Hazim Arafeh –
I express my heartiest Ramadan Mubarak to the Muslim community in New Zealand on the onset of the Holy Month.
We thank and praise Almighty Allah for offering us yet another opportunity to fast in this blessed month, perform pious duties and to receive His Mercy and Bounty.
May Allah Subhaanahu Wa Ta’ala accept our fasting and all our good deeds.
For Muslims the world over, the Holy Month of Ramadan is of very special importance.
It is observed throughout the world with all sanctity and reverence that it demands. It is a time for worship and reflection and brotherhood.
It is a month that should encourage us to have care and compassion with our fellow Muslims and Non-Muslims. It inculcates patience, perseverance and everything good.

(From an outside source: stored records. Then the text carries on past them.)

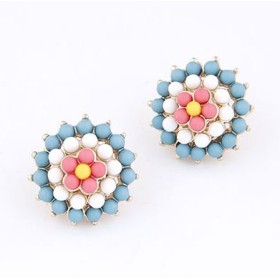 Tanzanite Blue Sunflower Stud Earrings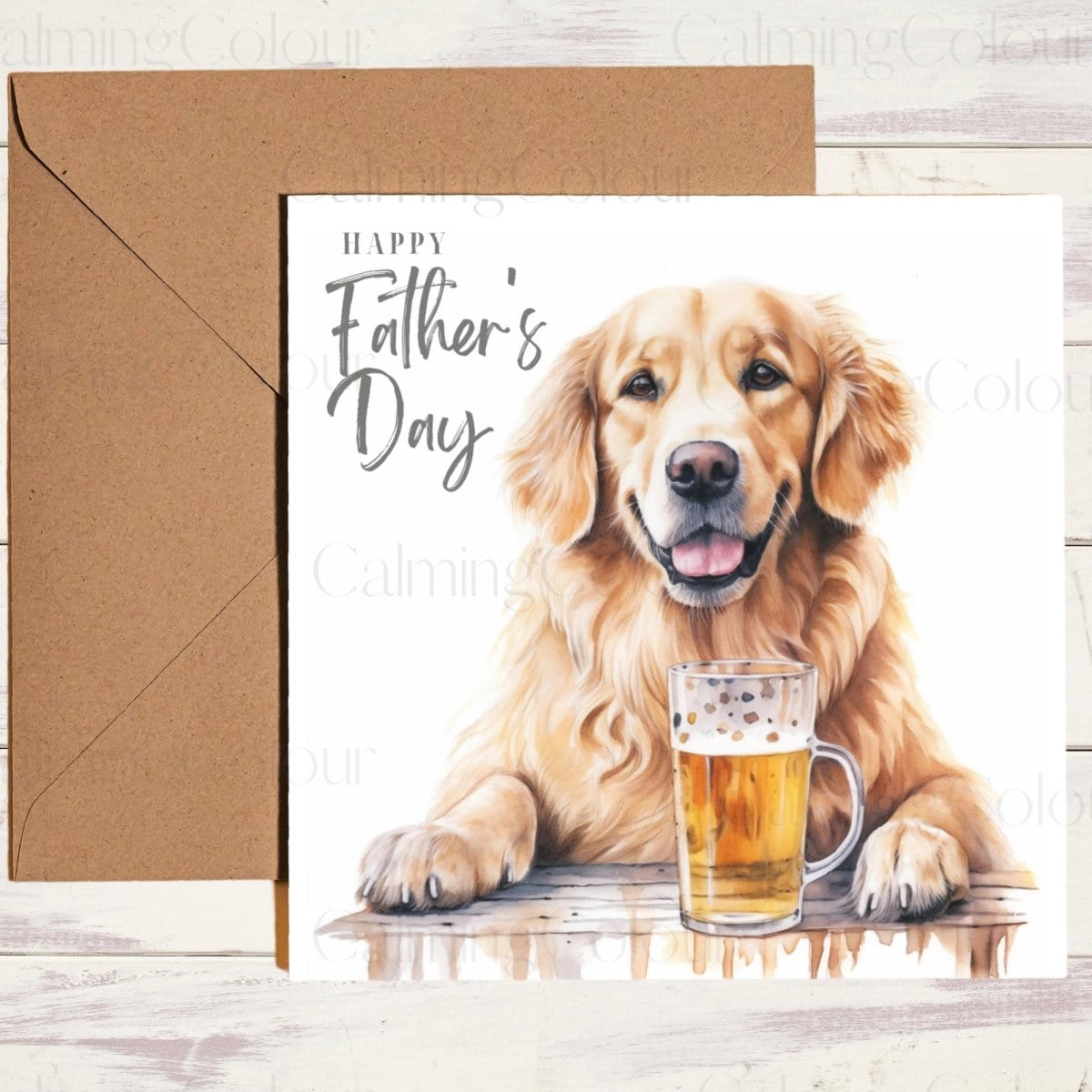 Golden Retriever with a Pint Glass | Father's Day Card | Calming Colour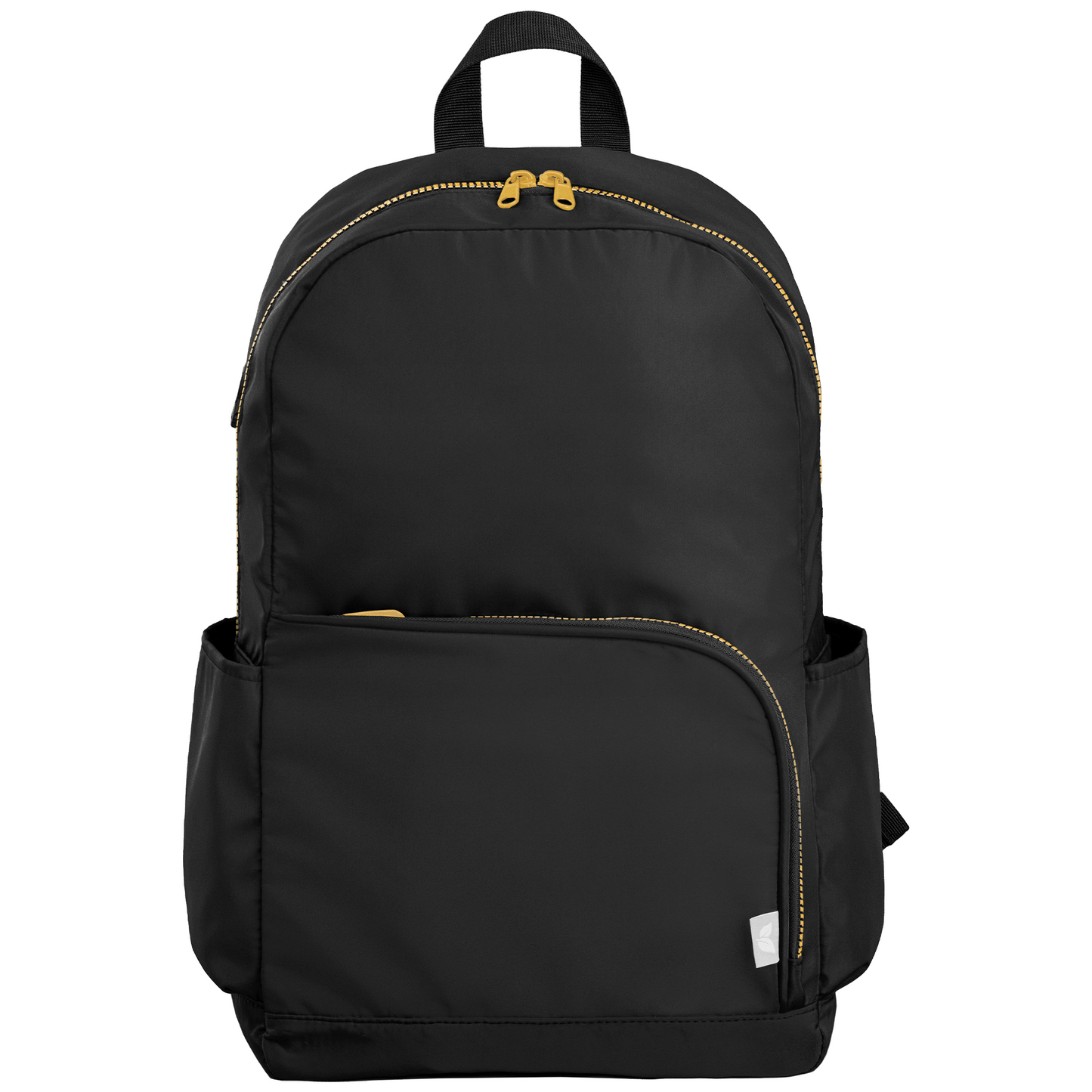 Kora rPET Dual Pocket Gold-Zip 38 cm Laptop Backpack promotional backpack in black printed with your company logo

As our beloved Prophet Mohammed (Peace Be Upon Him) said, “The Holy Month belongs to Almighty Allah.” Ramadan is the time when Muslims – even as we continue with our daily routines – strive to become even better by strengthening our faith, carrying out more deeds of social responsibility and expressing gratitude to the Almighty for every blessing that we have received.
About fasting, our Glorious Holy Quran says: “God wills that you have ease; and does not
will you to suffer hardship” (Chapter 2: Verses 183-188). Therefore, abstaining from food and other worldly pleasures is not meant to be a burden upon Muslims.
Beyond that, we should concentrate our attention to other dimensions of human development. During this month, Muslims celebrate life with intense supplication so that they may rejoice in this world and the hereafter.
The Holy month of Ramadan is also about doing good work for society.
Helping the Poor
Muslims are enjoined to do good to others.
In fact, the Holy Quran specifically mentioned that people, Muslims or otherwise, should compete in doing good work. Helping the poor and indigent, bringing relief to the needy and orphans, providing safety for the weak members of society are but few examples of good work.
The Holy Quran states that those who do more good deeds during the blessed month of Ramadan, will receive more rewards than usual. Almighty Allah has also promised His mercy, forgiveness and the saving from hellfire to all Muslims as a reward for fasting in Ramadhan. Our Beloved Prophet has also been quoted in a Hadith as saying “He who fasts during Ramadan with faith and seeks his reward from Allah, will have his past sins forgiven; he who prays during the night in Ramadhan with faith and seeks his reward from Allah, will have his past sins forgiven” (Bukhari and Muslim).
As the end of the Holy Month, the first day of Shawaal is celebrated as Eid Al Fitr, which is one of the two main festivals of Islam. The other is Eid Al Adha (celebrated at the end of Hajj Season).
These two festivals are celebrated by all Muslims throughout the world.
The significance of Eid Al Fitr is that it is a day of ‘Thanksgiving’ to Almighty Allah for the opportunity given to Muslims to serve Him and the society. It is celebrated as the culmination of a month of devotion, sacrifice and sharing with others in the hope that Ramadan has inscribed principles that will strengthen our efforts to the end.
Let us seek Allah’s guidance to lead us on the right path, the path of peace and brotherhood. Let us once again pray that during the Holy Month of Ramadan, a sincere effort will be made by all Muslims to come closer together and closer to God through fasting, prayers, Zakat and charity.
Hazim Arafeh is President of the Federation of Islamic Associations of New Zealand.